■ YOUR OBJECTIVE ■
Starting at the line that holds "Take Me To Your", transcribe every line to the end of the data exactly; include no other lines.

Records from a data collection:
○ ○ ○
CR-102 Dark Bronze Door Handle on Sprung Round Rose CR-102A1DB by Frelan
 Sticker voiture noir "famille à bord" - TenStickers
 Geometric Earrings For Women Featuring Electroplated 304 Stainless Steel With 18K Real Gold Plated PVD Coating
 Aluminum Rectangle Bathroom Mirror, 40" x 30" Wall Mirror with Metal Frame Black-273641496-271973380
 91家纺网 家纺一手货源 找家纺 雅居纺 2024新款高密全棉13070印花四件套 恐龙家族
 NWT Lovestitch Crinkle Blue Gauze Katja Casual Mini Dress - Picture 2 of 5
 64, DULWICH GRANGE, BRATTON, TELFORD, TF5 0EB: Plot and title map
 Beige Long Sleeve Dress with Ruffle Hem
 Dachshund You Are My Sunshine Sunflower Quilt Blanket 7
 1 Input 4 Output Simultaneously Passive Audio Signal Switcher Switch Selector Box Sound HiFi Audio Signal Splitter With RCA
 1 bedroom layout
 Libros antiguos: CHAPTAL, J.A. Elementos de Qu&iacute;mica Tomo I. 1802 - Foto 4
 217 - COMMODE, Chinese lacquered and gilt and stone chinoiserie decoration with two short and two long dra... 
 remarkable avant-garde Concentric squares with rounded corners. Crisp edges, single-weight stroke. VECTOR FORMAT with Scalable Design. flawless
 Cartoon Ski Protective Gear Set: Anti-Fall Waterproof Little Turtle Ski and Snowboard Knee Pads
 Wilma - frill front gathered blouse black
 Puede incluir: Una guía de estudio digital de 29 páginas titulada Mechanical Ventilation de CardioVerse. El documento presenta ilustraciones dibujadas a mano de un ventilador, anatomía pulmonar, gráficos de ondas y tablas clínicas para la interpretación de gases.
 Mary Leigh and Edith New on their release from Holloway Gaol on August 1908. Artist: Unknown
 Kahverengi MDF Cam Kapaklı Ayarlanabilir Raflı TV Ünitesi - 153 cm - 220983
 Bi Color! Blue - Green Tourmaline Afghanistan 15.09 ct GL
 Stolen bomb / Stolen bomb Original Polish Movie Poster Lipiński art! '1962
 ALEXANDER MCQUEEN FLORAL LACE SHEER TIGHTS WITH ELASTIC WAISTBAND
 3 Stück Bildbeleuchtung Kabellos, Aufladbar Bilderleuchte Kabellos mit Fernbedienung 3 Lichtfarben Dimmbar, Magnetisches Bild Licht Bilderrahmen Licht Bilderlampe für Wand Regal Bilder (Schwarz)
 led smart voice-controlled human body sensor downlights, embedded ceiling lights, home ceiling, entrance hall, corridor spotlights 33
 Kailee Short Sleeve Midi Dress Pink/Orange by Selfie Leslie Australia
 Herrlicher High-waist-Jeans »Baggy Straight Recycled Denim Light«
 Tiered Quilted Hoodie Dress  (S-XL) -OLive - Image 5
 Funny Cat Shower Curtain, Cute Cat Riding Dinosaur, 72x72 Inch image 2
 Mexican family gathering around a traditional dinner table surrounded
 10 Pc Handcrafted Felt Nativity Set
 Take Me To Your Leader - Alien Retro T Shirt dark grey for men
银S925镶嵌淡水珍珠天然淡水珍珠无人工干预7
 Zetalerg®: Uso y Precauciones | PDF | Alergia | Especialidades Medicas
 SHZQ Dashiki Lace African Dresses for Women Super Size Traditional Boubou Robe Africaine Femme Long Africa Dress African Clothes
○ ○ ○
■ TASK SOLUTION ■
 Take Me To Your Leader - Alien Retro T Shirt dark grey for men
银S925镶嵌淡水珍珠天然淡水珍珠无人工干预7
 Zetalerg®: Uso y Precauciones | PDF | Alergia | Especialidades Medicas
 SHZQ Dashiki Lace African Dresses for Women Super Size Traditional Boubou Robe Africaine Femme Long Africa Dress African Clothes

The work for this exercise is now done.